Disclosures: Schlenk reports advisory board roles, honoraria and research funding from Novartis. Please see the full study for all other authors’ relevant financial disclosures.

    Perspective
    Amir T. Fathi

    Amir T. Fathi

    The last few years has witnessed a dizzying number of regulatory approvals for novel therapeutic approaches targeting AML. Among the agents approved in AML was the FLT3 inhibitor midostaurin, in combination with standard induction therapy, as upfront therapy for FLT3-mutated patients. This approval was based on data from the global placebo-controlled phase 3 RATIFY study, which compared standard “7 + 3” induction chemotherapy vs. “7 + 3” combined with midostaurin. Results demonstrated a survival benefit in younger FLT3-mutated patients receiving the latter.

    The adjoining study provided data from a large European cohort of FLT3-mutated patients, all of whom were treated with midostaurin plus induction chemotherapy, and a substantial subset of whom proceeded to HSCT. Researchers also provided data on a number of patients who went on to receive maintenance therapy with midostaurin following HSCT.

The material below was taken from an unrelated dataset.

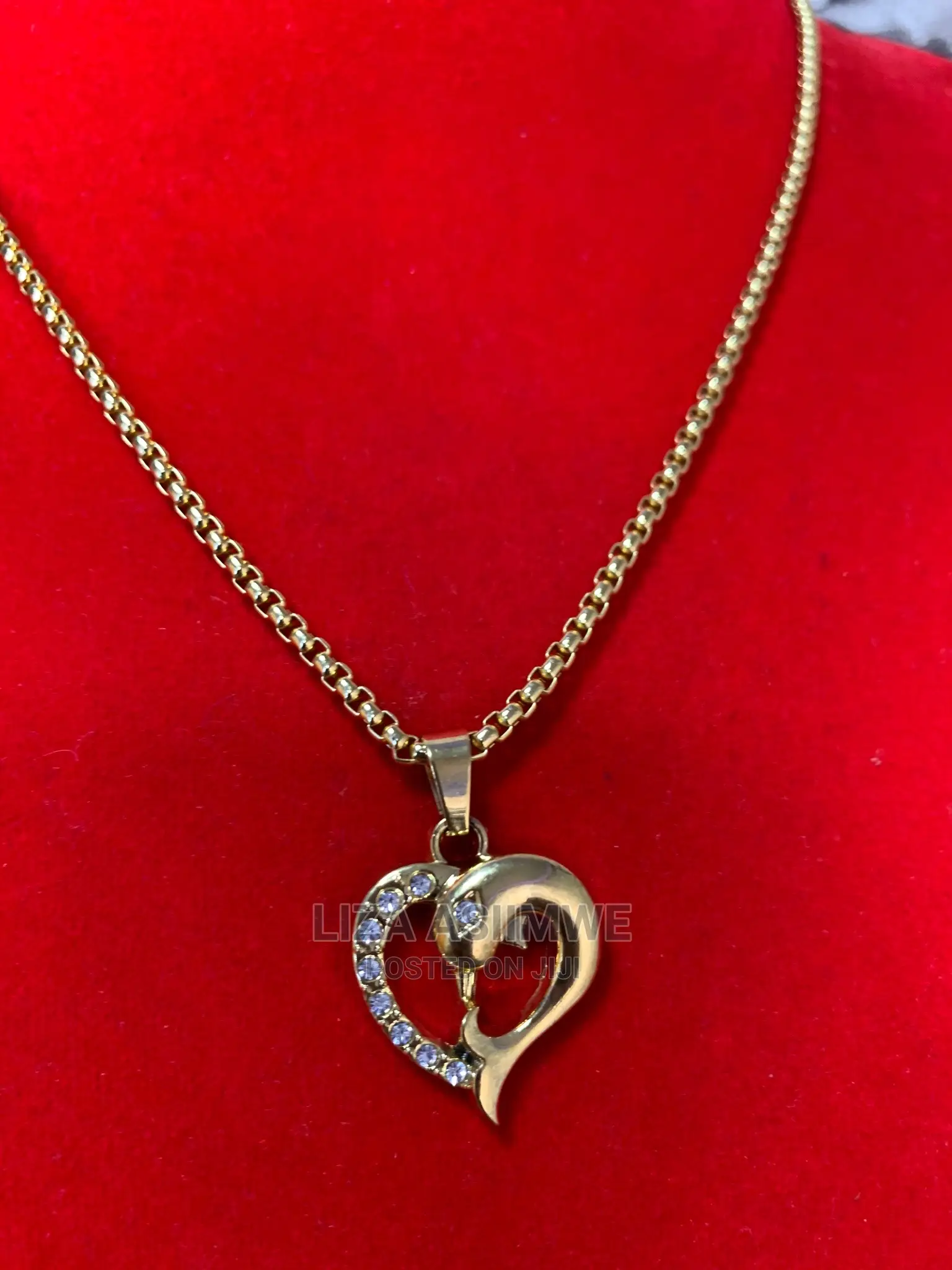 Simple Necklaces Available for Both Men and Women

    The results and their interpretation are intriguing. Schlenk and colleagues demonstrated that the combination of induction with midostaurin is feasible and efficacious in patients who are older (aged 61-70 years), adding to the data we now have for younger patients treated on the RATIFY study.

    Midostaurin plus induction also was associated with a high rate of remission in this study, and an EFS that was markedly improved when compared with historical controls. Additionally, these data suggest again that transplant following this combination therapy is feasible and effective for younger and some older patients with FLT3-mutated AML.

    Despite this, the authors also rightly provide some words of caution. Midostaurin as maintenance was only administered in a minority of patients and, when used, did not appear to be well-tolerated in all patients. Grade 3 or higher gastrointestinal adverse events, infections and cytopenias were reported in a large proportion of patients treated with maintenance therapy, often leading to pauses or discontinuation in therapy.

    Nevertheless, in total, these data add value. The combination of midostaurin with induction can be suitable for a subset of patients, especially those whose consolidative destination may be HSCT. However, post-HSCT maintenance — now increasingly studied as a promising strategy for FLT3-mutated patients — may be more challenging with less specific FLT3 tyrosine kinase inhibitors such as midostaurin, which can be associated with impactful adverse events in a vulnerable patient population. Maintenance strategies with more specific and well-tolerated therapies require further study and may provide the right balance between tolerability and improved outcomes.

    Reference:

    Stone RM, et al. N Engl J Med. 2017;doi:10.1056/NEJMoa1614359.

    • Amir T. Fathi, MD
    • Massachusetts General Hospital

    Disclosures: Fathi reports advisory/consultant roles with Amphivena, Astellas, Boston Biomedical, Celgene, Daiichi Sankyo, Jazz Pharmaceuticals, PTC Therapeutics, Novartis and Takeda, and clinical trial support from Agios, Celgene, Seattle Genetics and Takeda.